Riflessione dopo aver letto L'anima del vino toscano di
Massimo Rustichini
“La piscina ha rubato l’anima dell’acqua”. Così
inizia, nella prefazione, il libro di Massimo Rustichini L’anima del vino toscano.
l riferimento è alla contrapposizione di un bagno in mare, “un po’ mosso per prendere i cavalloni”.
“Provo ora a
trasferire questo concetto nel mondo del vino.
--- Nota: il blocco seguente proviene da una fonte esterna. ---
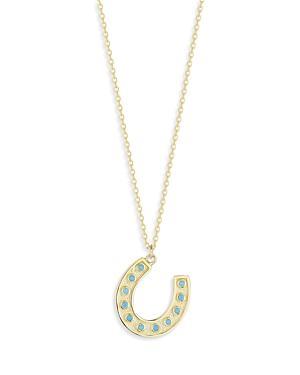 Moon & Meadow Turquoise Horseshoe Pendant Necklace in 14K Yellow Gold, 16 Product Image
Non immaginate neppure
lontanamente a quanti vini sia stata sacrificata l’anima sull’altare della
presunta modernità che tutto uniforma e tutto appiattisce”.
Un percorso nella Toscana dell’autore alla ricerca dei vini
che emozionano.
La vita di Massimo, nello scorrere le pagine del libro, sembra
prendere quel senso diverso fino a risplendere nella narrazione delle aziende.
Il crepuscolo delle epoche, delle mode,
niente ha a che vedere con quanto è descritto nella ricerca di quel piacere,
che si teme di perdere per sempre e che l’autore ritrova in quell’anima del
vino che ancora esiste e rimane al centro del suo progetto.
Storie, racconti, ricordi che solo un Uomo del Vino, come
Massimo Rustichini, può raccontare e tramandare alle nuove generazioni di
appassionati frastornati da spot che rispondono solo al business.
Certo il vino va anche venduto e la vendita moderna risponde
a numeri, canoni e sistemi particolari. Questo libro ci porta in un’altra dimensione,
quella dei sogni, alla ricerca di quell’anima che per primo Charles Baudelaire
riuscì a portare in versi.
Servono ideali per la ricerca dei giusti valori:
l’innamoramento e il coinvolgimento nel mondo del vino ha bisogno della
conoscenza di certe realtà.
Così come Massimo Rustichini riesce a trasmettere
nella lettura, pagina dopo pagina, del suo L’anima del Vino Toscano. Chapeau.